# Source data:
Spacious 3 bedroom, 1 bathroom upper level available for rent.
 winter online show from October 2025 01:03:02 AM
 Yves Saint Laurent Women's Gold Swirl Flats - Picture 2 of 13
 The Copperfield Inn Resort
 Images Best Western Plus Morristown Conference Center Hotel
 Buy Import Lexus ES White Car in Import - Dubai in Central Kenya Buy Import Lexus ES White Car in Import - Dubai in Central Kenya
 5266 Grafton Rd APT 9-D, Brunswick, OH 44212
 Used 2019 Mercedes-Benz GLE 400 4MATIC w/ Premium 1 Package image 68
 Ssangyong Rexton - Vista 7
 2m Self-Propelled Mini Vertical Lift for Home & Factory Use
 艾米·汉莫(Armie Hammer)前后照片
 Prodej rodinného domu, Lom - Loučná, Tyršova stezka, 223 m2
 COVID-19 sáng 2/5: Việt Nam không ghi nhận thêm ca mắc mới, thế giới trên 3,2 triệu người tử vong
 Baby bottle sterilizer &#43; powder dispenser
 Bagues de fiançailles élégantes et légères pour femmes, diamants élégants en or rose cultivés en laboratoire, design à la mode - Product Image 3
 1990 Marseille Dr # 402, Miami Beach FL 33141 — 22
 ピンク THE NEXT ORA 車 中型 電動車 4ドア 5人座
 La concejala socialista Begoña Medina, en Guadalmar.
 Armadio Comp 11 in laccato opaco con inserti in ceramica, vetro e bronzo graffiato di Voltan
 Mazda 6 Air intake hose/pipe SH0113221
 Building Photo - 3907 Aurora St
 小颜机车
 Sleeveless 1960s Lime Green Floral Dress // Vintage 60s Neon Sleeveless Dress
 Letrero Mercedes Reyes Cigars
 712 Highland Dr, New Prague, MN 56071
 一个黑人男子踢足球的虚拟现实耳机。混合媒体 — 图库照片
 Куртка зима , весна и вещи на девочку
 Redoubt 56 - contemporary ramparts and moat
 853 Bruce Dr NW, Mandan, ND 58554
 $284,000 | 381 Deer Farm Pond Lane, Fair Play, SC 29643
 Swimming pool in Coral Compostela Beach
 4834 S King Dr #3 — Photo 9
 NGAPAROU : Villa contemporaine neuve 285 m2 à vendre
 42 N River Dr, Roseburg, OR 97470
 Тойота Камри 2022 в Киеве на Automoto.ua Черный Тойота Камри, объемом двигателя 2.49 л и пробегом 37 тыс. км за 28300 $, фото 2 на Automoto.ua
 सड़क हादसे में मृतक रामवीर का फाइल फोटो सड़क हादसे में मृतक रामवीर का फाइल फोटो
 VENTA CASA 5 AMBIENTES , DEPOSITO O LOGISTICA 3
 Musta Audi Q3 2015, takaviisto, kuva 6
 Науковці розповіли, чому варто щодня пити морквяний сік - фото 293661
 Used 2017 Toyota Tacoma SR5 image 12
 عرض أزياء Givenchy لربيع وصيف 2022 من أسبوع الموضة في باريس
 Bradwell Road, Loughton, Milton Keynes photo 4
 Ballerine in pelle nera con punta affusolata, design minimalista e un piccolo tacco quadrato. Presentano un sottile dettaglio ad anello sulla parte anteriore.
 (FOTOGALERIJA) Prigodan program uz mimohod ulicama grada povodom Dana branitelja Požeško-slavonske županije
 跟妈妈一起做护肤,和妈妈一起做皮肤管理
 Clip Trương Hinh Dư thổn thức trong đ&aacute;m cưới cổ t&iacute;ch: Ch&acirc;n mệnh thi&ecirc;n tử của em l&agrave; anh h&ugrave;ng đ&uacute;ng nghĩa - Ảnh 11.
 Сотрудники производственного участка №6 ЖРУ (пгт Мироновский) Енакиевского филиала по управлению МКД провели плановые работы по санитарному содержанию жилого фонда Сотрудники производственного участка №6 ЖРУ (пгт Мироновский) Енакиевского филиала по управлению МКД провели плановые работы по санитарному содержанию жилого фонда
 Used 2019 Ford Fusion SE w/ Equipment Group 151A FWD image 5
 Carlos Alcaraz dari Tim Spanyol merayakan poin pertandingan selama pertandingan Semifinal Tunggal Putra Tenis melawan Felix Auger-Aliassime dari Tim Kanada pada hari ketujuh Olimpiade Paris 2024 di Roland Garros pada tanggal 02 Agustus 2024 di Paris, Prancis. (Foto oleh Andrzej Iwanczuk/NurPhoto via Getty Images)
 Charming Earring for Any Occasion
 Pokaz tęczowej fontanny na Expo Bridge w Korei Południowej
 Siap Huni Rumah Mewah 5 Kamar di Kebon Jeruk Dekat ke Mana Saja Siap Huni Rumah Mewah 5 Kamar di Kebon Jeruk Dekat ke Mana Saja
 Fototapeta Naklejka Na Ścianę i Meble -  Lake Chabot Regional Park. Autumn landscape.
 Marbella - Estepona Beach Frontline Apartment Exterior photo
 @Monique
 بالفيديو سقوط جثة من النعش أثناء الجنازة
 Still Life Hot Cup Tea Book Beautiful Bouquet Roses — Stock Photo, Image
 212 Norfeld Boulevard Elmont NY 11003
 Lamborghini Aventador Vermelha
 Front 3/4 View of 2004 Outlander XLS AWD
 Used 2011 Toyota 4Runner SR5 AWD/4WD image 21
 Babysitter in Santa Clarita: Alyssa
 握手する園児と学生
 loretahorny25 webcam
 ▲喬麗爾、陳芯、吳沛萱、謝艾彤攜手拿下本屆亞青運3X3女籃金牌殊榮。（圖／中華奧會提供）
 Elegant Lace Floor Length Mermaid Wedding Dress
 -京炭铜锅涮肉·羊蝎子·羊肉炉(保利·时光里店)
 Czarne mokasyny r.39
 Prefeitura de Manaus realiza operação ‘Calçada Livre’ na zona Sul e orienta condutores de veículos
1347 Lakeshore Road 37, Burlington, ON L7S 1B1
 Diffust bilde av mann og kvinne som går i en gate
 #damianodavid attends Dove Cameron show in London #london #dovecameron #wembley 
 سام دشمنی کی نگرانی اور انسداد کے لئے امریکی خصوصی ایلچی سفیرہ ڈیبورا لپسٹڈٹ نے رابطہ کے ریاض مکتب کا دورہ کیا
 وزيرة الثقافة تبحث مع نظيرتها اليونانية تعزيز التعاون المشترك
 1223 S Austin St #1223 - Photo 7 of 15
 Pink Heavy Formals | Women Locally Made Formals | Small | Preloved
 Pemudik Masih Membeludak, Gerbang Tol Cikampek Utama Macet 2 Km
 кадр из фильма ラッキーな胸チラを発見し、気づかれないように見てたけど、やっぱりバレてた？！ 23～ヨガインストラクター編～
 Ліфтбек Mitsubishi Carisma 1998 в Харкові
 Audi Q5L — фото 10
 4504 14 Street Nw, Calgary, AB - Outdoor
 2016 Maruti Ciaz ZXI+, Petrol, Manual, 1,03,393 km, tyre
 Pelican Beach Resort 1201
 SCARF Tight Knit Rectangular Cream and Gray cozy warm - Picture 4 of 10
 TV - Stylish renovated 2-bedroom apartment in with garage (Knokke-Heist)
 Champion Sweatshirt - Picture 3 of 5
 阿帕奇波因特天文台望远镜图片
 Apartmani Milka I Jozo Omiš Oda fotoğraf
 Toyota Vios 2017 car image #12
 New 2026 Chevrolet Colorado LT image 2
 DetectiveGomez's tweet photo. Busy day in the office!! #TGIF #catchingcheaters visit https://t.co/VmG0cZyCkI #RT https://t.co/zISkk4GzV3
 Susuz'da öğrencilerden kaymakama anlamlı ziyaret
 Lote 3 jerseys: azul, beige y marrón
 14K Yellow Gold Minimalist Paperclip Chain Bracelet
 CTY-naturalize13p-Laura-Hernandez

# What you are asked to do:
In the entries above, find the line holding "712 Highland Dr, New Prague, MN 56071" and the line holding "Тойота Камри 2022", then retype exactly those two lines and every line between them, and nothing else.

# Answer below:
 712 Highland Dr, New Prague, MN 56071
 一个黑人男子踢足球的虚拟现实耳机。混合媒体 — 图库照片
 Куртка зима , весна и вещи на девочку
 Redoubt 56 - contemporary ramparts and moat
 853 Bruce Dr NW, Mandan, ND 58554
 $284,000 | 381 Deer Farm Pond Lane, Fair Play, SC 29643
 Swimming pool in Coral Compostela Beach
 4834 S King Dr #3 — Photo 9
 NGAPAROU : Villa contemporaine neuve 285 m2 à vendre
 42 N River Dr, Roseburg, OR 97470
 Тойота Камри 2022 в Киеве на Automoto.ua Черный Тойота Камри, объемом двигателя 2.49 л и пробегом 37 тыс. км за 28300 $, фото 2 на Automoto.ua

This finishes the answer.